#### What is required
Could you print the stretch of lines below from the one with "Main image of property: Cynefin, Horwich" through the one with "305 Wolf Pen Rd, Purlear, NC 28665 photo 31", exactly as they stand and without any pictures?

#### Provided data
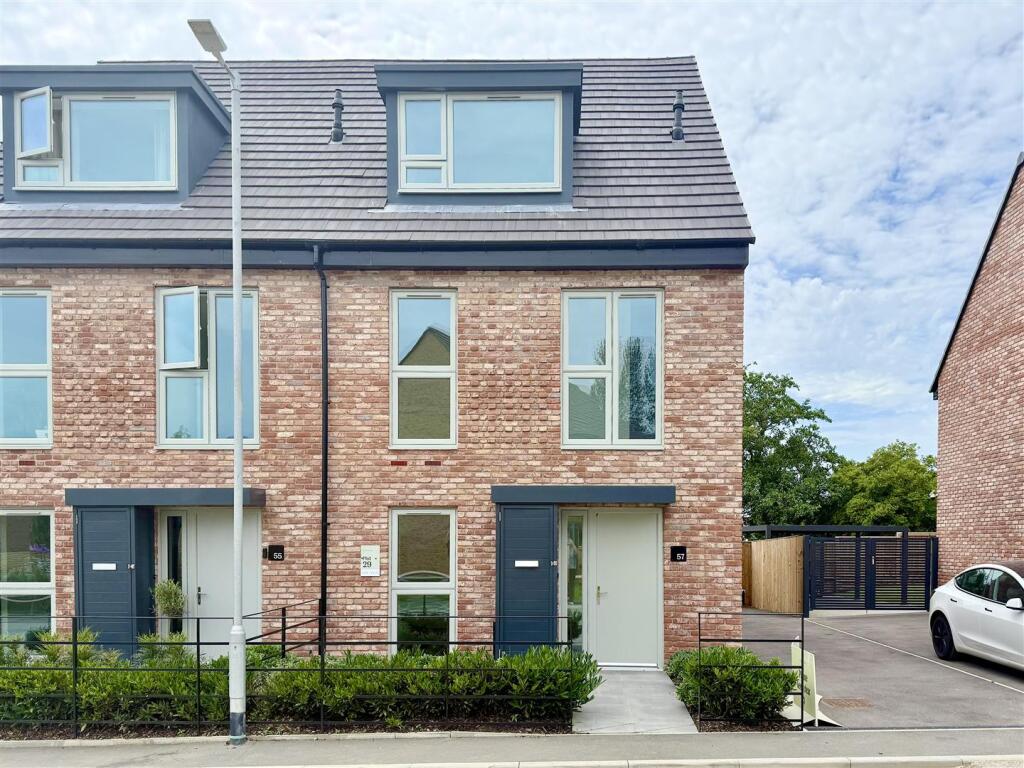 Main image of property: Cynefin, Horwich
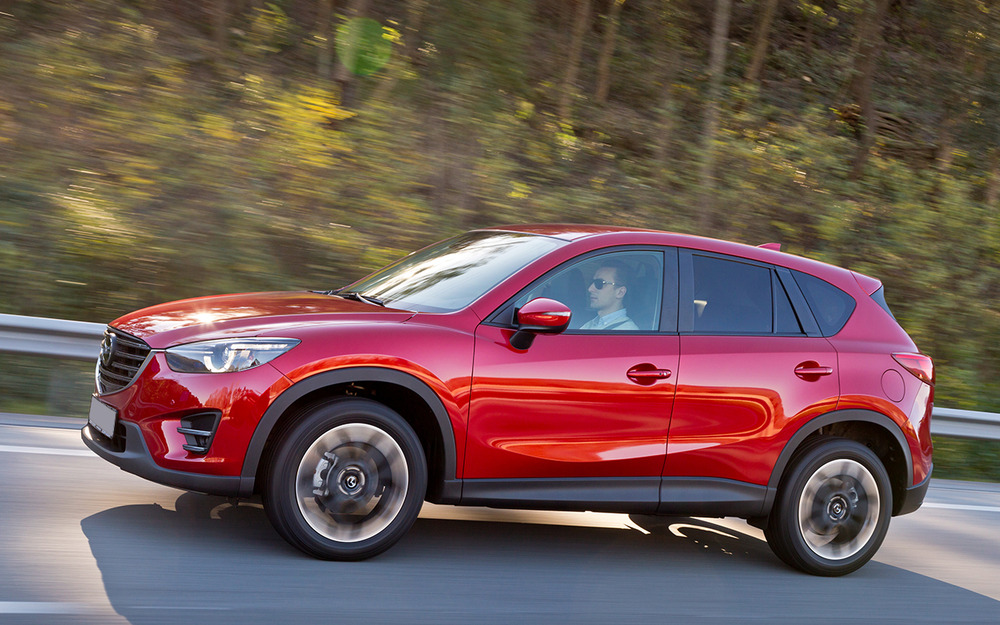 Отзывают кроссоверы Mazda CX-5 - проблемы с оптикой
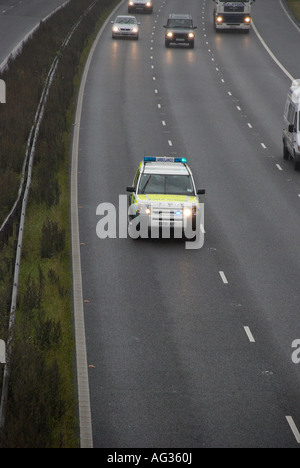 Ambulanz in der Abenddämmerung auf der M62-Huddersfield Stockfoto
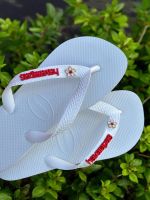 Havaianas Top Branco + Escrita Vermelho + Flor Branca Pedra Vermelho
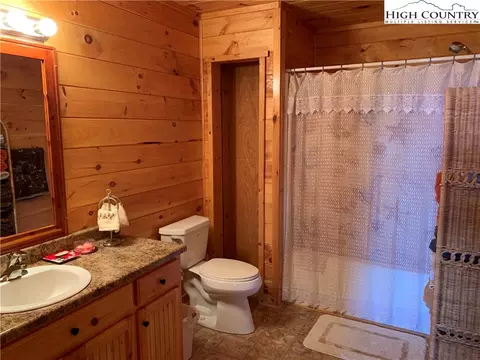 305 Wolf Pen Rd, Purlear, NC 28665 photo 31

---

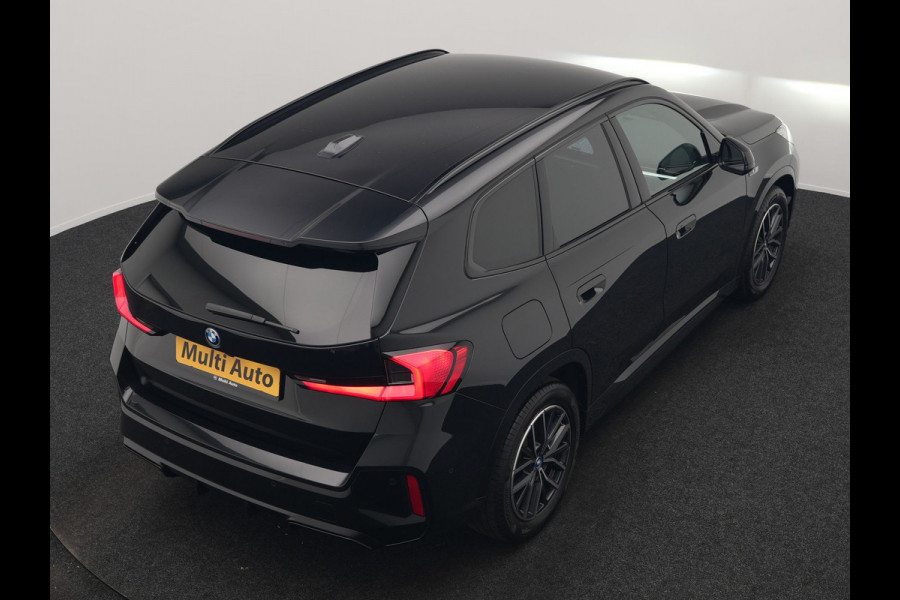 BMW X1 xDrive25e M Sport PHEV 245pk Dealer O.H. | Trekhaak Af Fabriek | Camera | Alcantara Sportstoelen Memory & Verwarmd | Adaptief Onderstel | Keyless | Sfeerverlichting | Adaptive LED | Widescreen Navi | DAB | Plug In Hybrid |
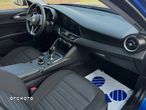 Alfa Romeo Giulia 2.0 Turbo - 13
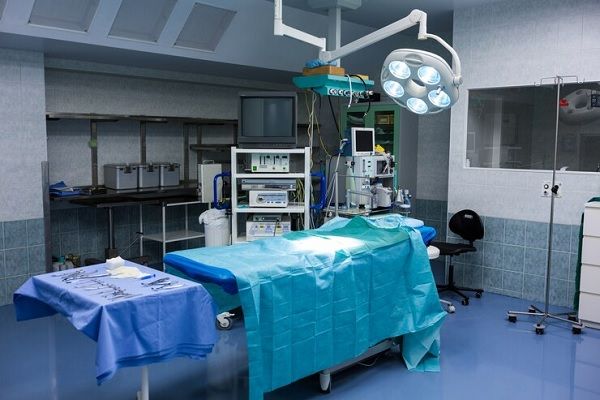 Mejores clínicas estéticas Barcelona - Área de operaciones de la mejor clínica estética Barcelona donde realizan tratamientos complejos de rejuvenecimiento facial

...

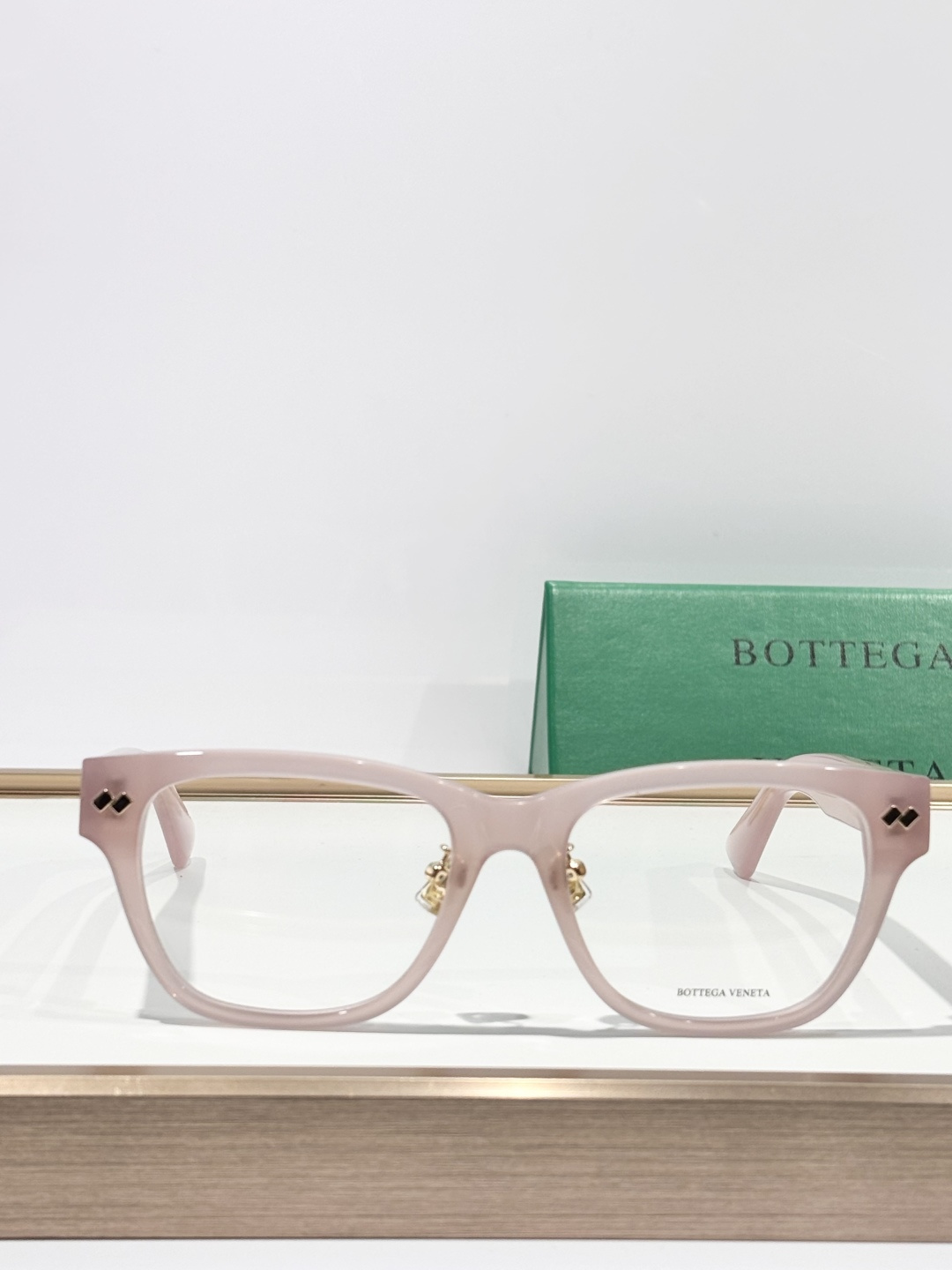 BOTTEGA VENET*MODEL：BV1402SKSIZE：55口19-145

#### Output
 Main image of property: Cynefin, Horwich
 Отзывают кроссоверы Mazda CX-5 - проблемы с оптикой
 Ambulanz in der Abenddämmerung auf der M62-Huddersfield Stockfoto
 Havaianas Top Branco + Escrita Vermelho + Flor Branca Pedra Vermelho
 305 Wolf Pen Rd, Purlear, NC 28665 photo 31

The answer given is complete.